The Aid Transparency Index has been going since 2011, and its methodology has remained substantially unchanged since 2013. When we first produced the Index, no donors were in the ‘very good’ or ‘good’ categories. Now a third of them are.
So we are raising the bar. Later this year we will consult on revisions to the Aid Transparency Index, with a view to testing three main options:
• Looking at a broader set of financial flows, including loans and climate finance. • Encouraging better quality data that makes it easier to trace aid and its results. • Focusing on how the data is used, by asking who uses data, what their needs are and how donors can help meet those needs.
There are still a few organisations that don’t appear to accept the need for transparency at all, and refuse to engage on the question.
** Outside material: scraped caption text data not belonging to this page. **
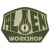 Pixelated icon with dark green and light gray tones showing a stylized figure on a skateboard, set against white background.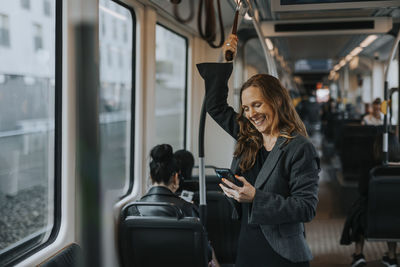 Cheerful female passenger using smart phone while standing in train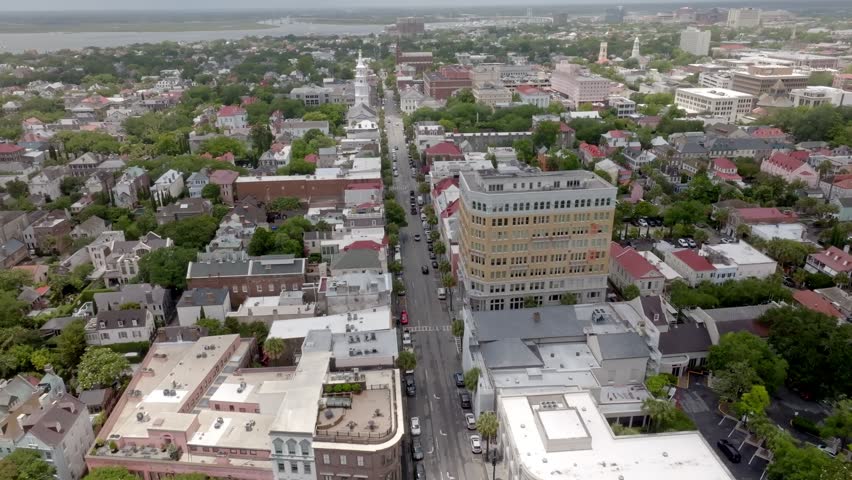 Downtown Charleston, South Carolina with drone video moving in wide.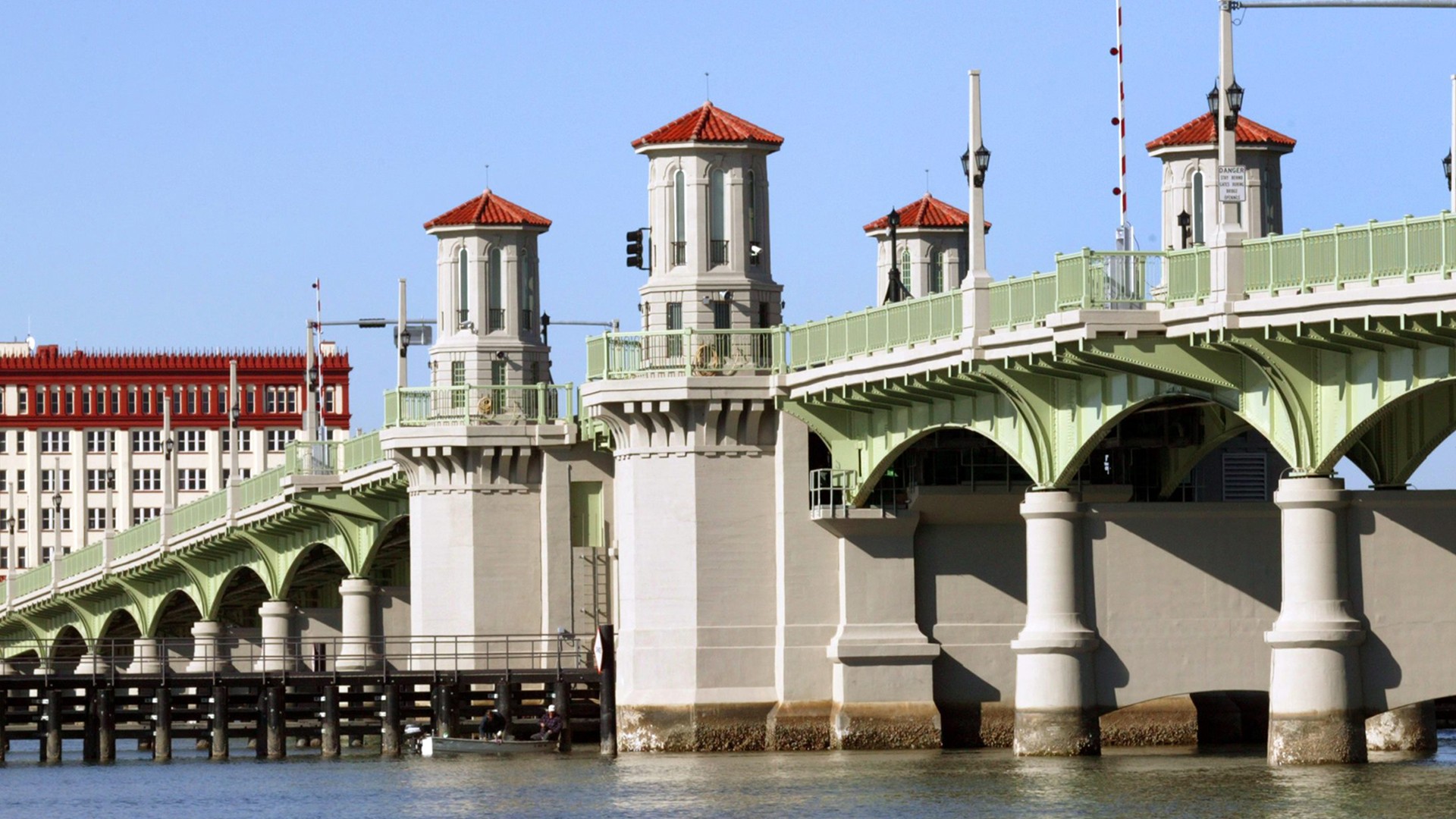 Historic drawbridge with towers over calm river on clear day Historic Bridge of Lions drawbridge with towers and arches over calm water under clear blue sky.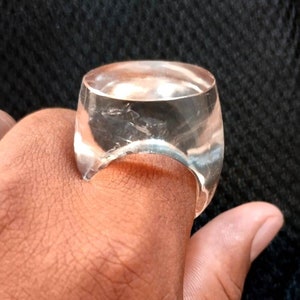 May include: A clear, round, plastic ring with a smooth, polished surface.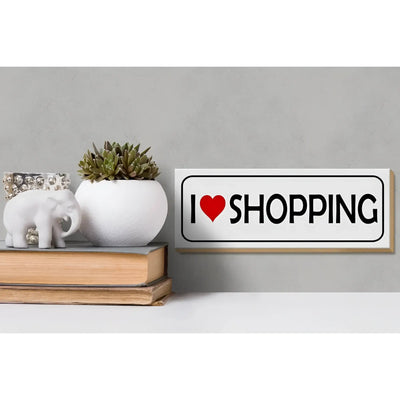 Weißes rechteckiges holzschild mit schwarzem rahmen und dem spruch i herz shopping in schwarzer schrift mit rotem herz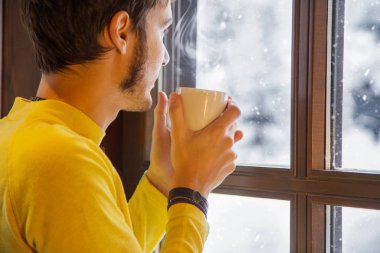 Kış sahne. Genç adam, kar pencereden bakarken sıcak bir kahve sarı giyinmiş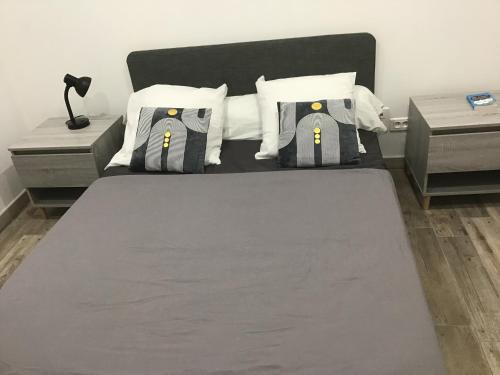 ein Schlafzimmer mit einem großen Bett und Kissen in der Unterkunft Une maison entière de 4-5 pers avec piscine in Le Pizou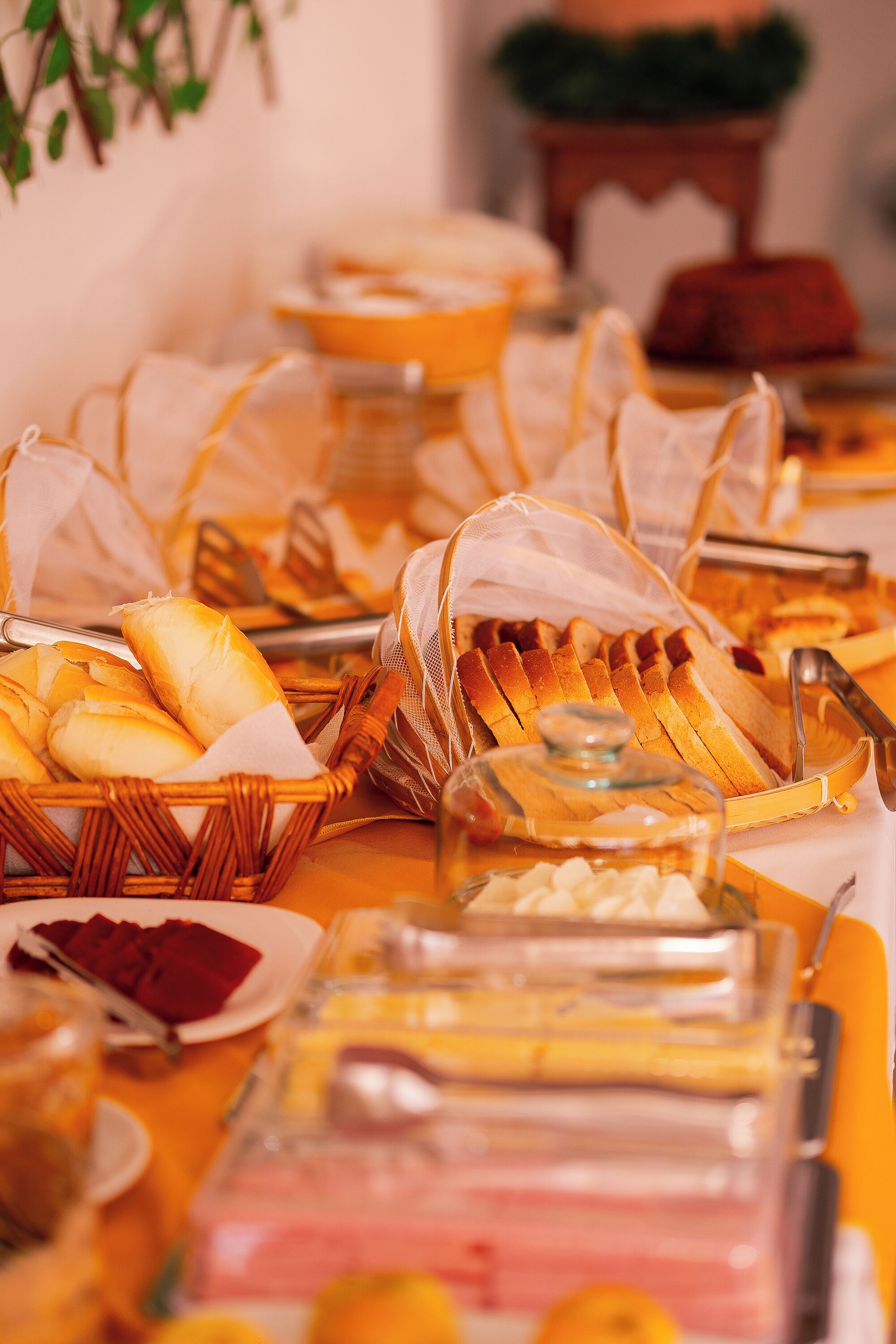 A buffet table with various food items, including bread, pastries, and containers of food.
But they are a small minority.
The majority fall into two categories. Either they agree that transparency is important, but publish data that is out of date, incomplete or inconsistent, or they publish data to the IATI Registry and their own websites, but without the detailed information at the activity level, or the contracts or data on results that would allow them to be held to account.
A growing number of donors are taking the lead.Since we began our campaign, there has been a substantial improvement in aid transparency. There are now almost 400 publishers to the IATI Registry; five years ago there was one.
Since 2011, ten publishers, accounting for 25% of total aid, are now meeting the 2011 Busan commitment to aid transparency in full, and another eight have met it in part. Agencies of the United Nations, the U.S. government and the European Commission have improved their data transparency by developing common platforms and trying to work together.